## YOUR TASK
Reproduce the entries that follow exactly, dropping each image.

## DATA FOR PROCESSING
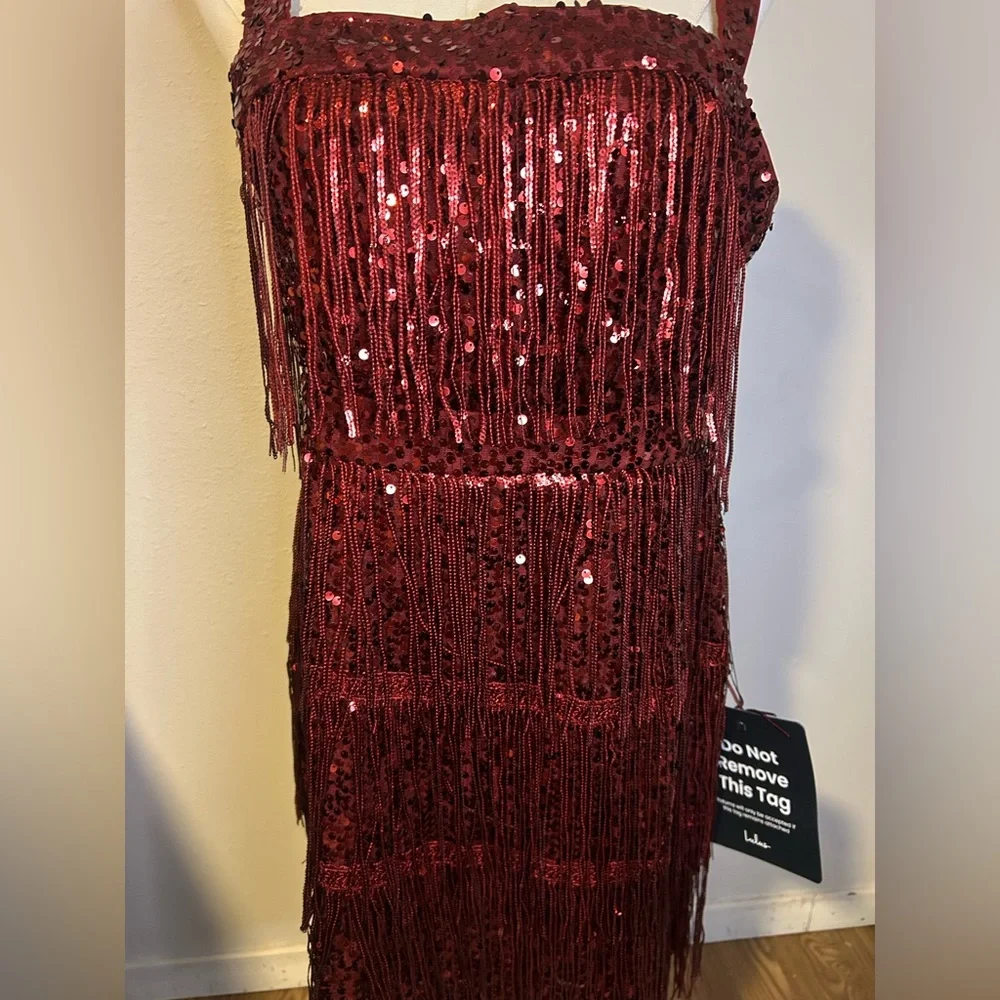 Lulu's Burgundy Dress with Deep Red Lining - Picture 6 of 11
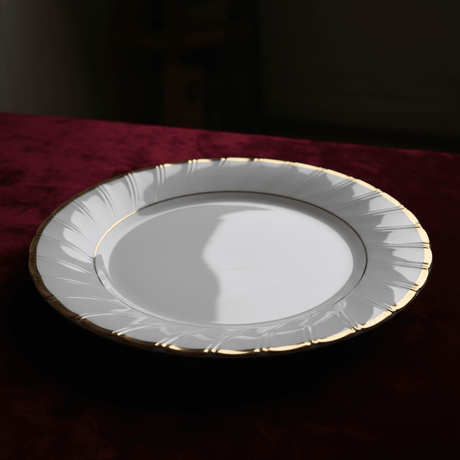 Yamatsu White Porcelain Meat Plate with Gold Rim — 9 Inch | Premium Dining Servingware - Al Kabayel Discount CentreYamatsu White Porcelain Meat Plate with Gold Rim — 9 Inch | Premium Dining ServingwarePlatesYAMATSUAl Kabayel Discount Centre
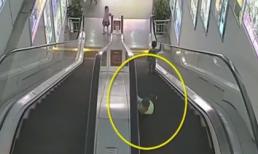 Kinh hãi bé trai suýt bị thang cuốn siêu thị nghiền nát tay
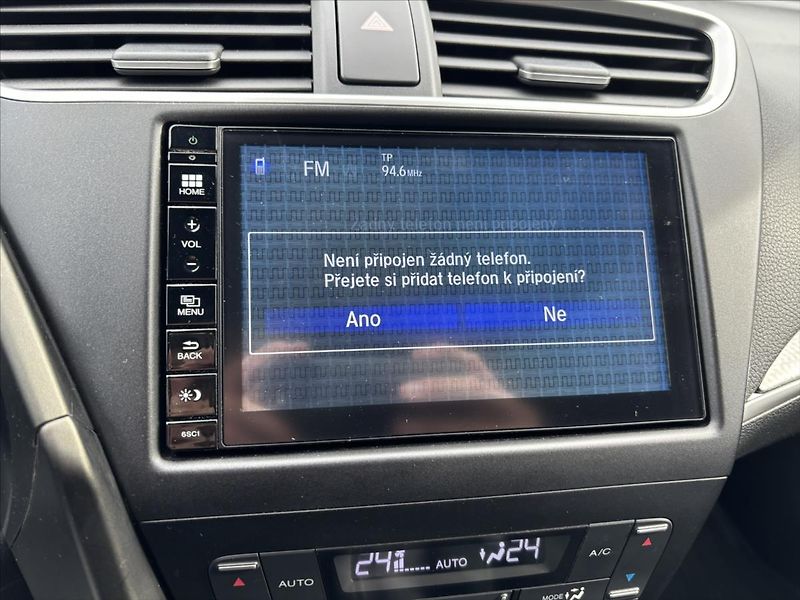 Honda Civic 1,8 VTEC 104kW PLNÝservisHONDA - fotka 20 z 36
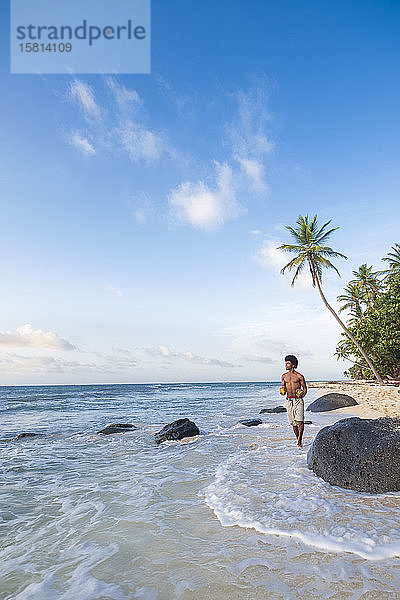 Ein Einheimischer geht am Nordstrand entlang  Little Corn Island  Islas del Maiz (Maisinseln)  Nicaragua  Mittelamerika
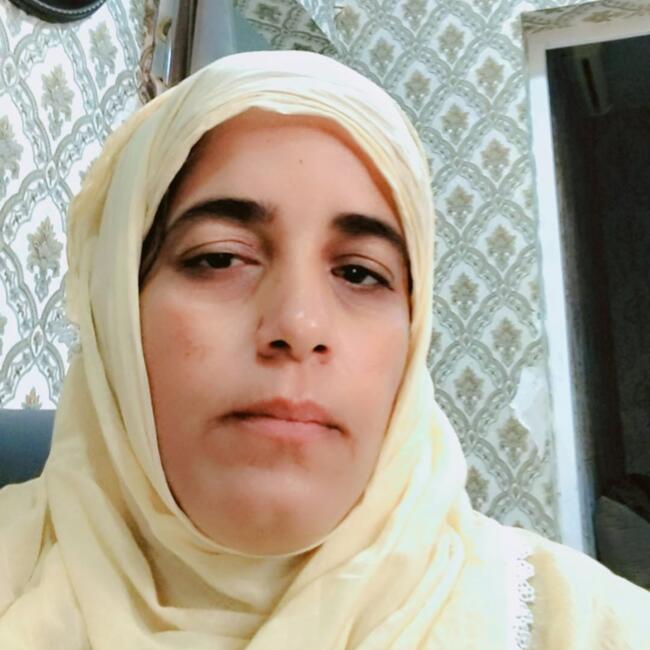 وظيفة جليسة أطفال في السيب الجديدة: حليمه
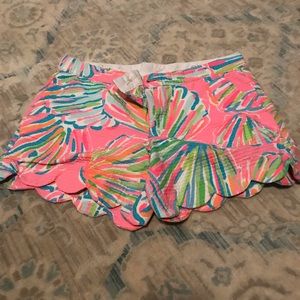 Lilly Pulitzer size 8 Buttercup shorts EUC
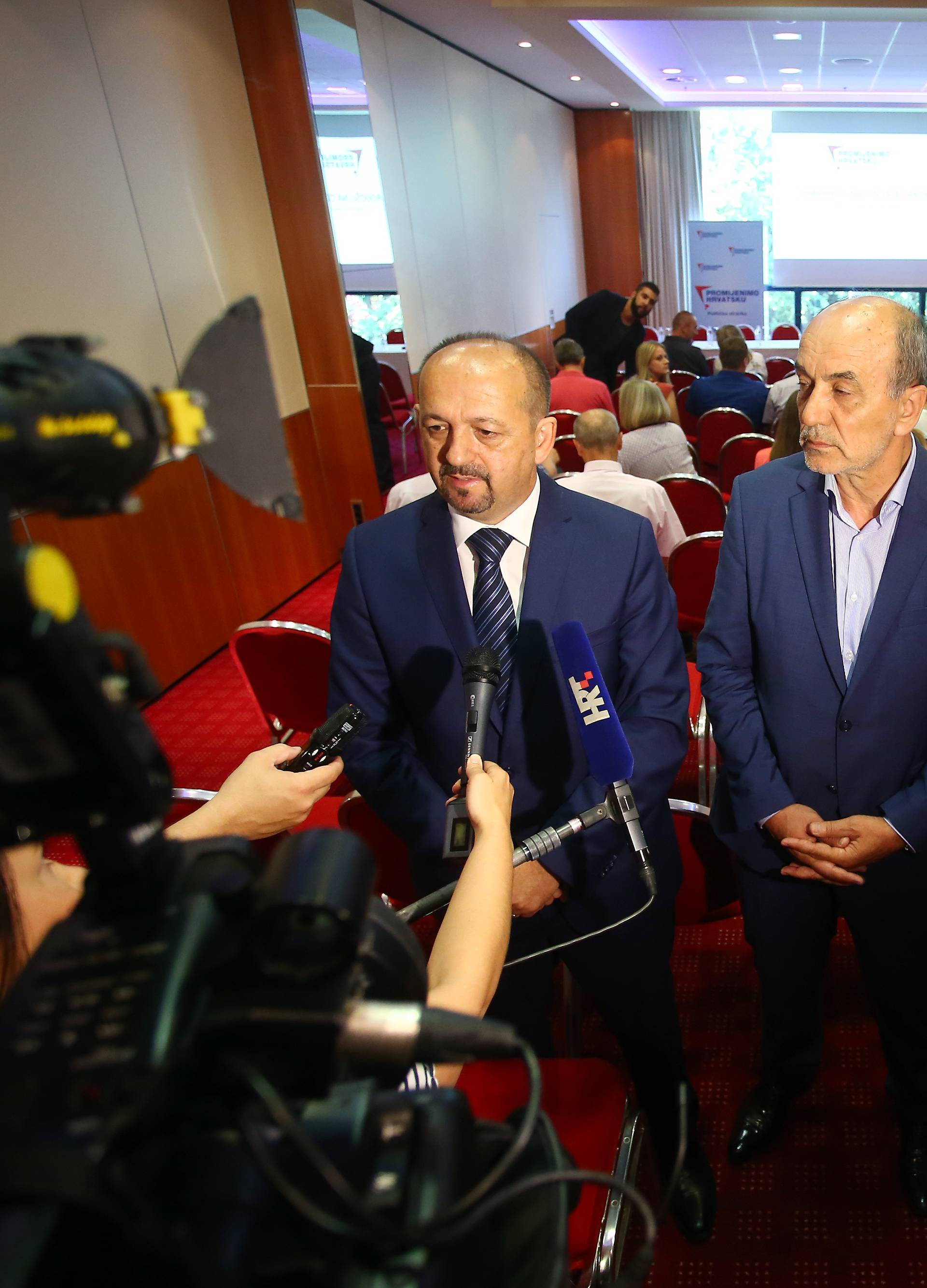 Lovrinović, Mišić i Martinović osnovali novu političku stranku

## OUTPUT BELOW
 Lulu's Burgundy Dress with Deep Red Lining - Picture 6 of 11
 Yamatsu White Porcelain Meat Plate with Gold Rim — 9 Inch | Premium Dining Servingware - Al Kabayel Discount CentreYamatsu White Porcelain Meat Plate with Gold Rim — 9 Inch | Premium Dining ServingwarePlatesYAMATSUAl Kabayel Discount Centre
 Kinh hãi bé trai suýt bị thang cuốn siêu thị nghiền nát tay
 Honda Civic 1,8 VTEC 104kW PLNÝservisHONDA - fotka 20 z 36
 Ein Einheimischer geht am Nordstrand entlang  Little Corn Island  Islas del Maiz (Maisinseln)  Nicaragua  Mittelamerika
 وظيفة جليسة أطفال في السيب الجديدة: حليمه
 Lilly Pulitzer size 8 Buttercup shorts EUC
 Lovrinović, Mišić i Martinović osnovali novu političku stranku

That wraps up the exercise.